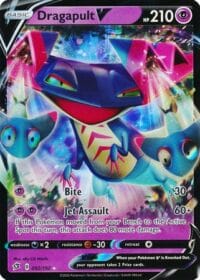 Dragapult V - 092/192 - Ultra Rare - Español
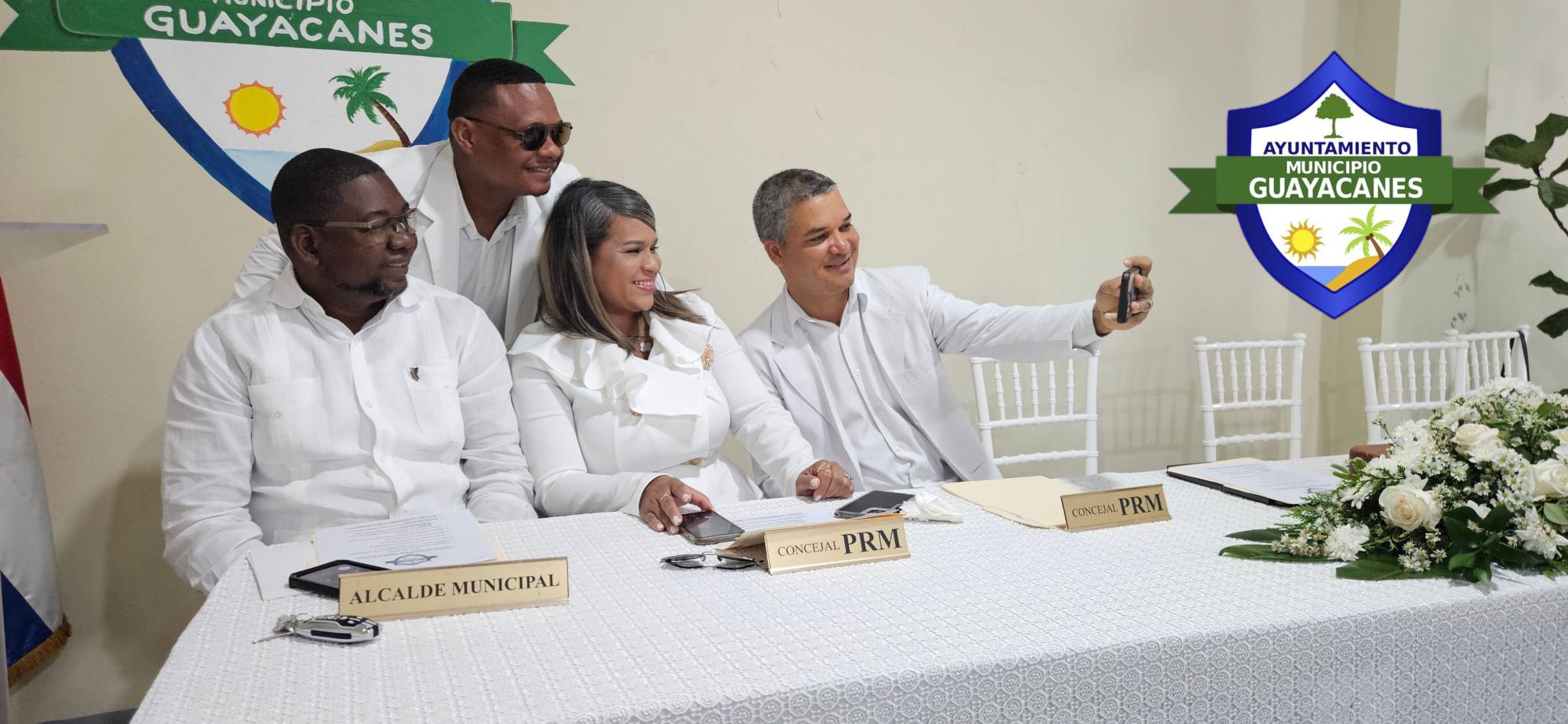 Hoy se llevó a cabo la rendición de cuentas del alcalde Noel Cedeño
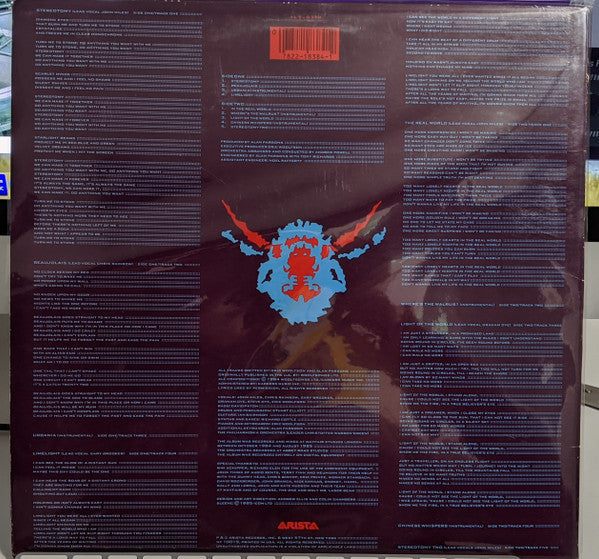 The Alan Parsons Project - Stereotomy - LP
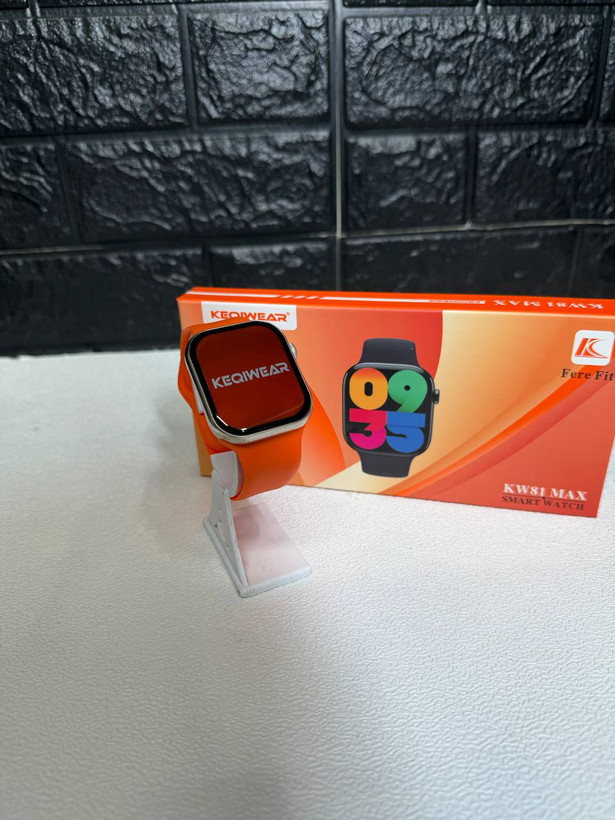 ساعت هوشمند ککیوار مدل Keqiwear KW81 Max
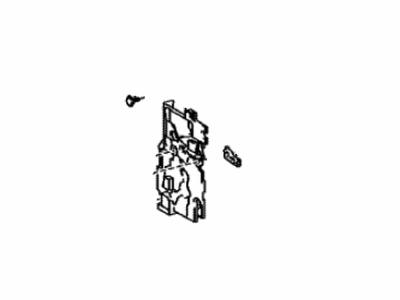 Toyota 35151-48080 Cover,  Automatic Transmission Case,  NO.2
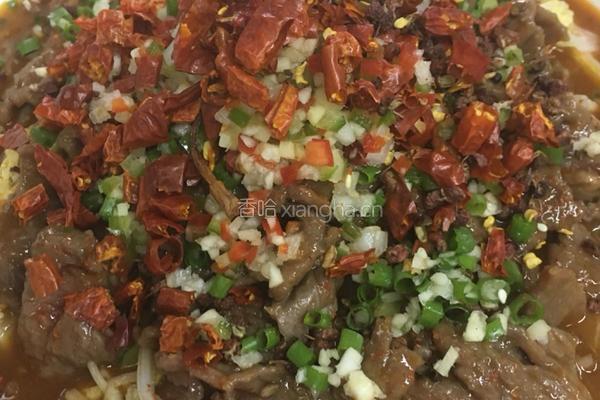 水煮牛肉的做法图解9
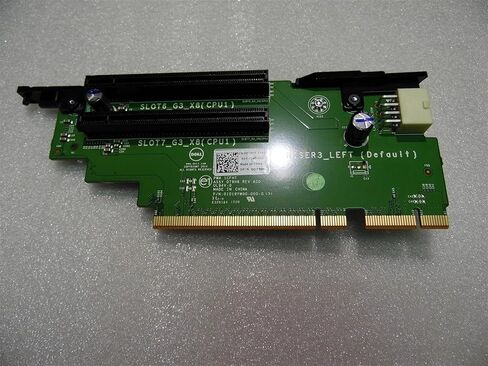 لبطاقة DELL POWEREDGE R730 Slot 6 7 Riser 3 PCI-e، موديل DT9H6، مكون توسيع الخادم in Kuwait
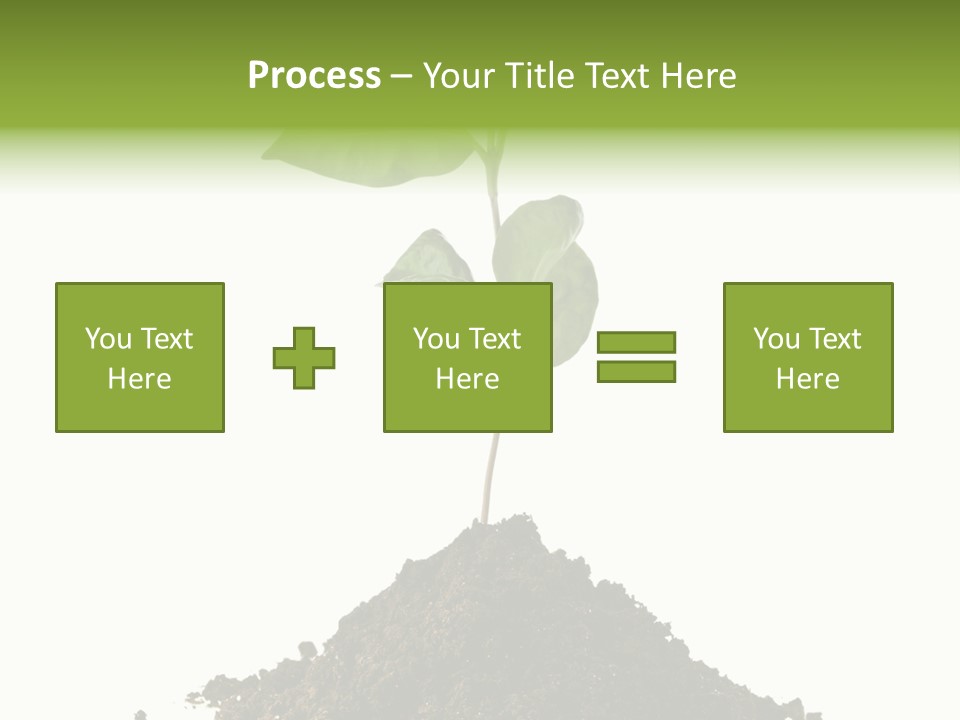 Leaf Ecology Cultivate PowerPoint Template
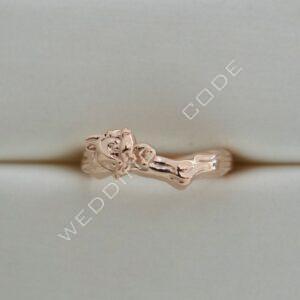 奇奇蒂蒂 - 奇奇 戒指｜純銀鍍玫瑰金｜#TOR1459玫S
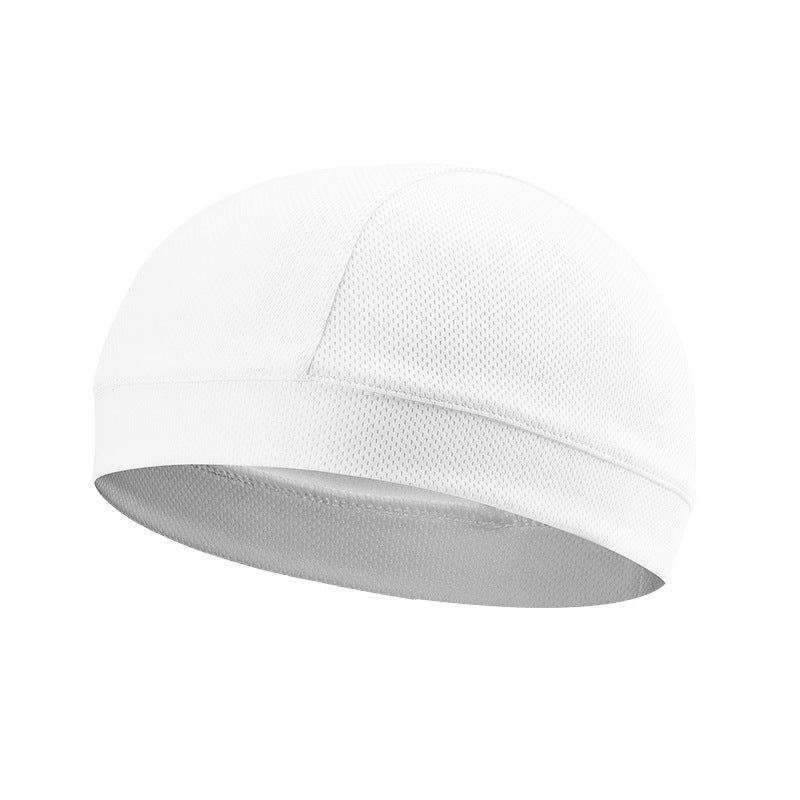 Generic Summer Mesh Cycling Cap Quick-Dry Sun Protection White 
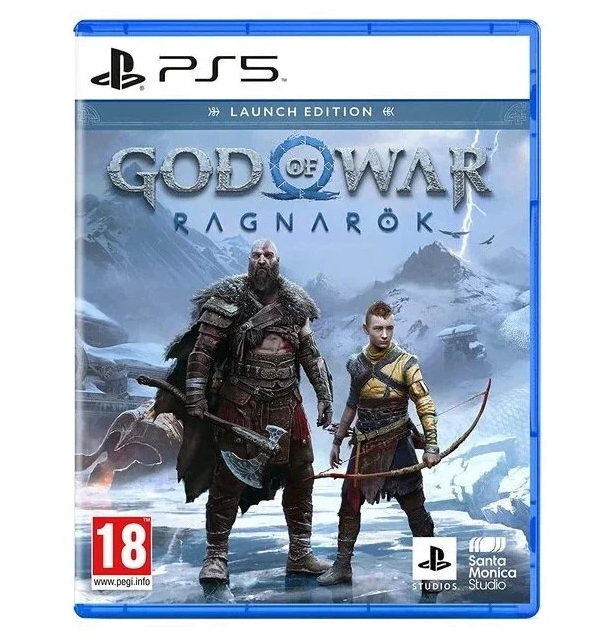 Игра God of War: Ragnarok (PlayStation 5, русские субтитры)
━━━━━━
> **WHAT IS REQUIRED**
What you need to retype is every line from the one that has "لبطاقة DELL POWEREDGE" through the last line of the listing, both included, with the pictures left out.

> **TASK RESULT**
 لبطاقة DELL POWEREDGE R730 Slot 6 7 Riser 3 PCI-e، موديل DT9H6، مكون توسيع الخادم in Kuwait
 Leaf Ecology Cultivate PowerPoint Template
 奇奇蒂蒂 - 奇奇 戒指｜純銀鍍玫瑰金｜#TOR1459玫S
 Generic Summer Mesh Cycling Cap Quick-Dry Sun Protection White 
 Игра God of War: Ragnarok (PlayStation 5, русские субтитры)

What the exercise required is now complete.